• Try it:
Once the line with "Ritchey Handvatten Superlogic Handvatten" is reached, output it and every line after it, exactly, through the end of the records below. Pictures are skipped.
= = =
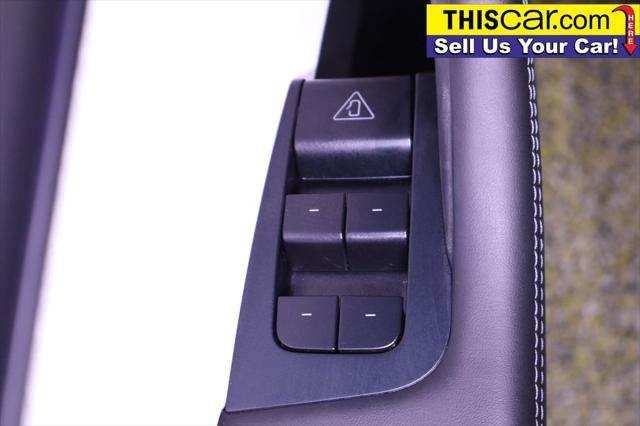 Used 2026 Tesla Model Y 2WD image 29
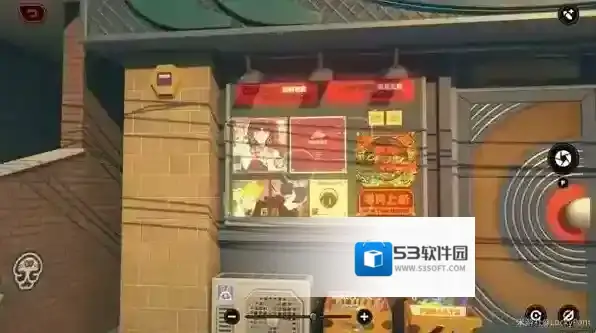 绝区零1.5新增成就怎么做 绝区零1.5版本新增成就达成方法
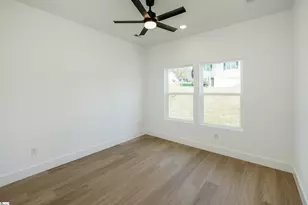 506 Vault Way, Roebuck, SC 29376 - Photo 20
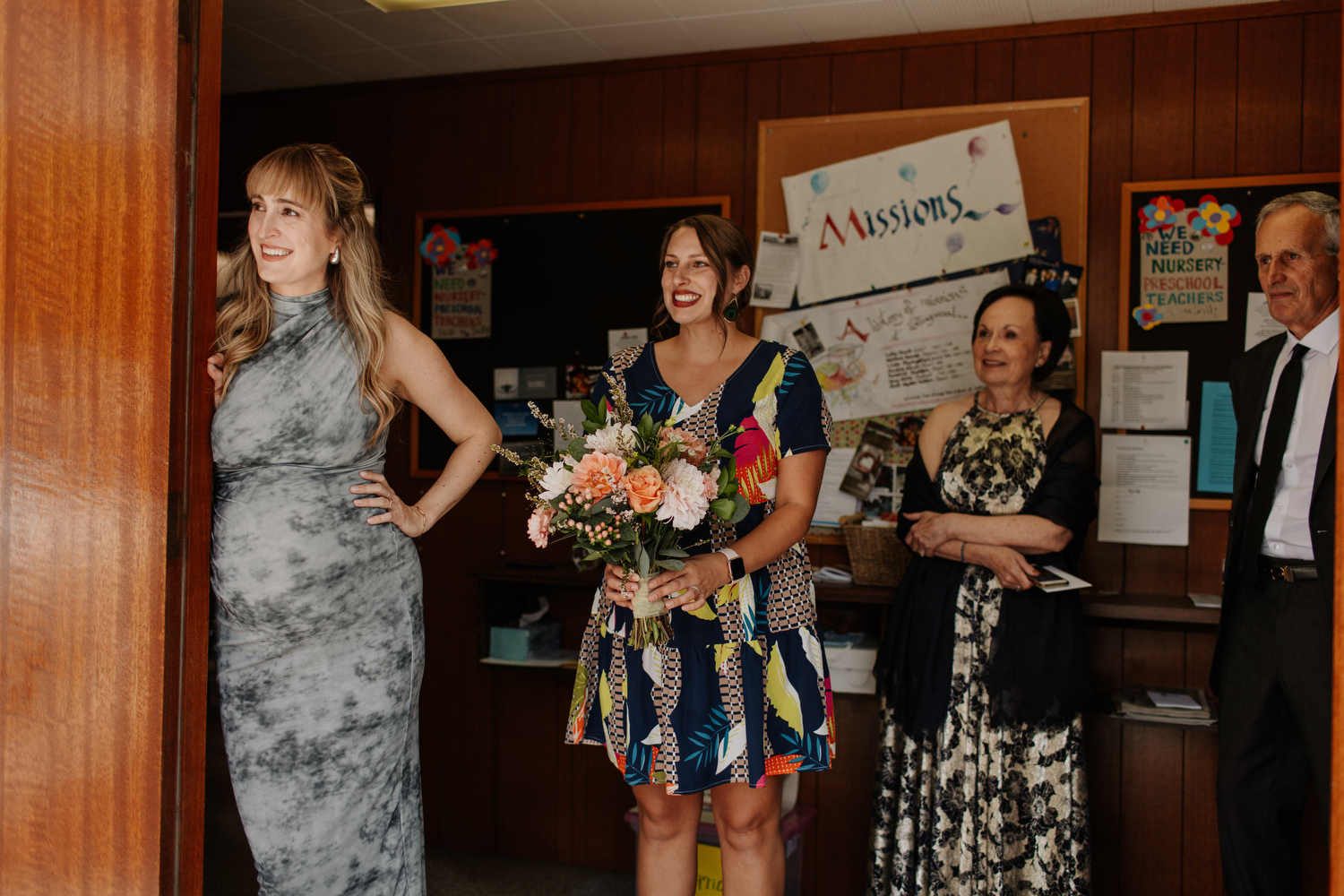 stanley park teahouse wedding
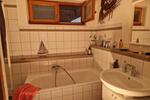 Mehrfamilienhaus, Wohnhaus Einhausen - 10 Zimmer, 180 m&sup2;, 725.000&euro; | Angebot:26926514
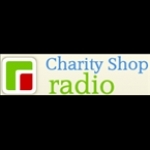 Charity Shop Radio United Kingdom
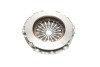 Купити Комплект зчеплення Peugeot 2008/207 1.6 HDi 06- (d=230mm) (+вижимний) LuK 623 3325 22 (фото2) підбір по VIN коду, ціна 7722 грн.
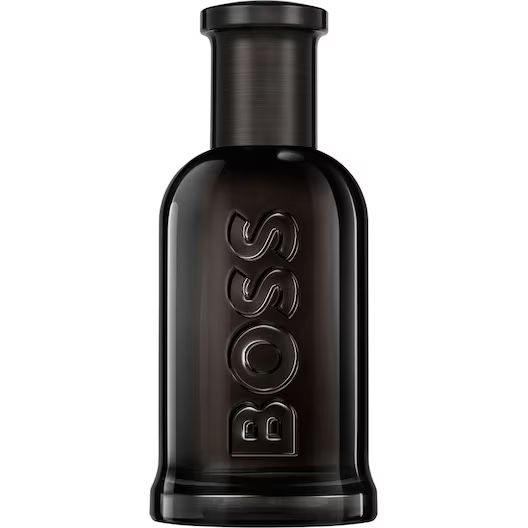 Hugo Boss Profumi & Eau de Toilette: Hugo Boss Bottled 100ml – Usato da Bern venduto da LM08
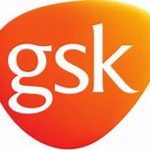 GSK Pharmaceuticals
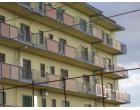 Foto - Appartamento in Vendita a Benevento - Centro città
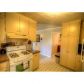 3265 Sharon Circle, Cumming, GA 30041 ID:7054018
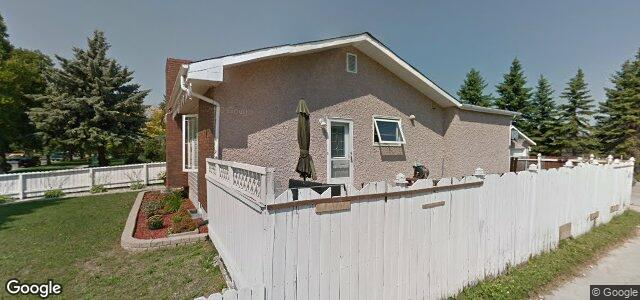 625 Adsum Drive（加拿大曼尼托巴省温尼伯市）房屋照片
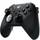 ModdedZone Elite Series 2 Controller Compatible For Xbox One - Black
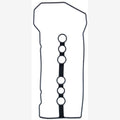 Permaseal Rocker Cover Gasket for Toyota Voltz | RC3090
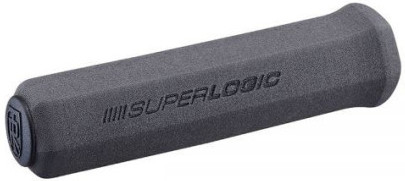 Ritchey Handvatten Superlogic Handvatten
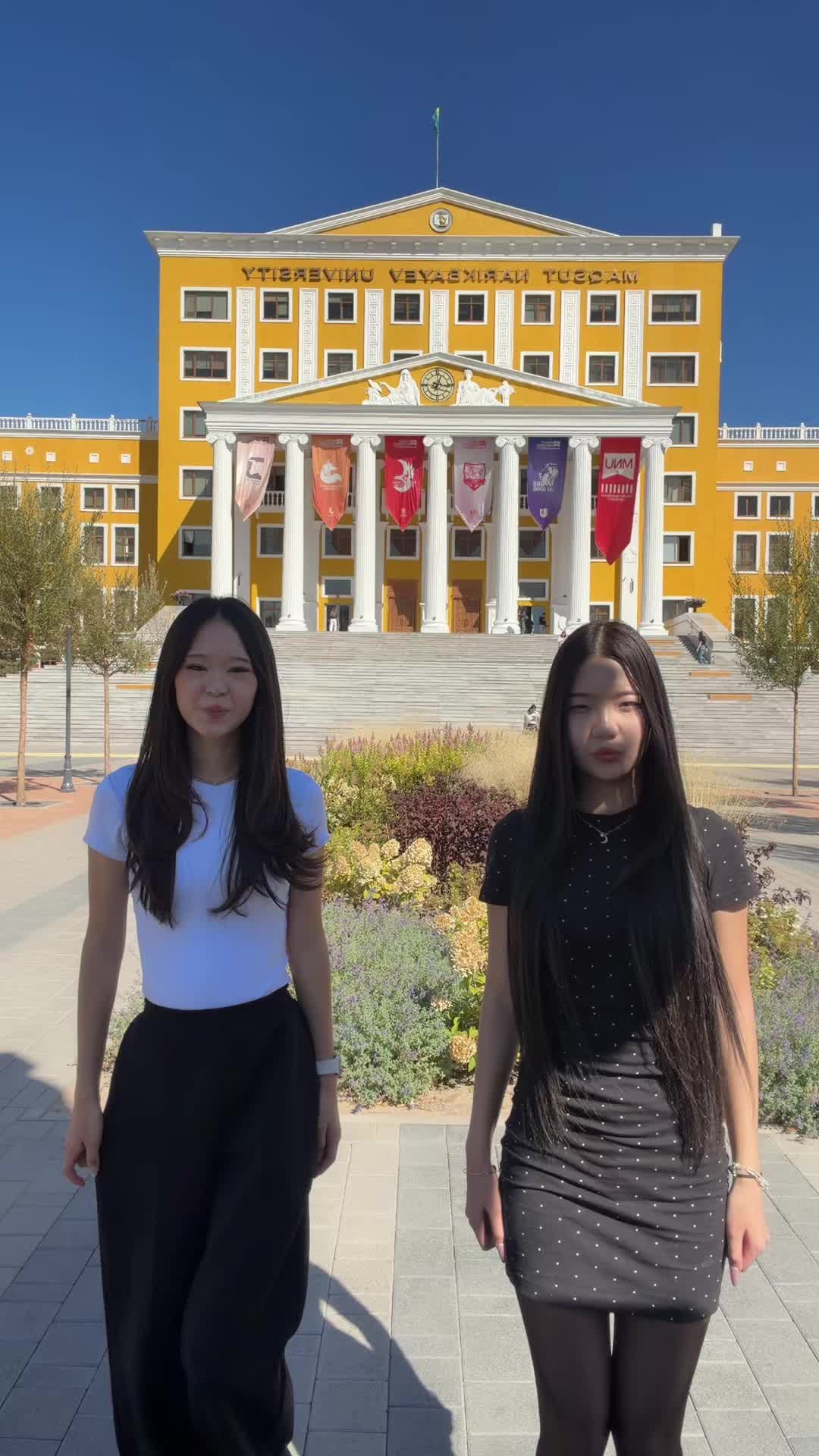 @aika🇰🇿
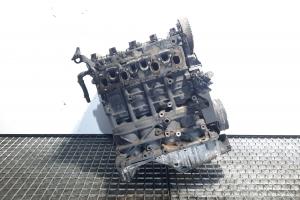 Motor, cod AWX, Skoda, 1.9 TDI (pr:111745) din dezmembrari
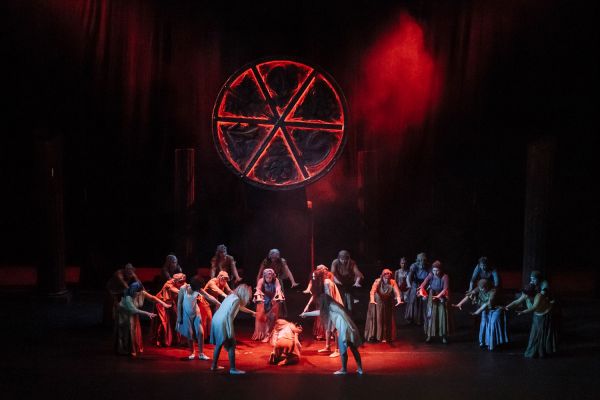 Macbeth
= = =
• Worked solution:
 Ritchey Handvatten Superlogic Handvatten
 @aika🇰🇿
 Motor, cod AWX, Skoda, 1.9 TDI (pr:111745) din dezmembrari
 Macbeth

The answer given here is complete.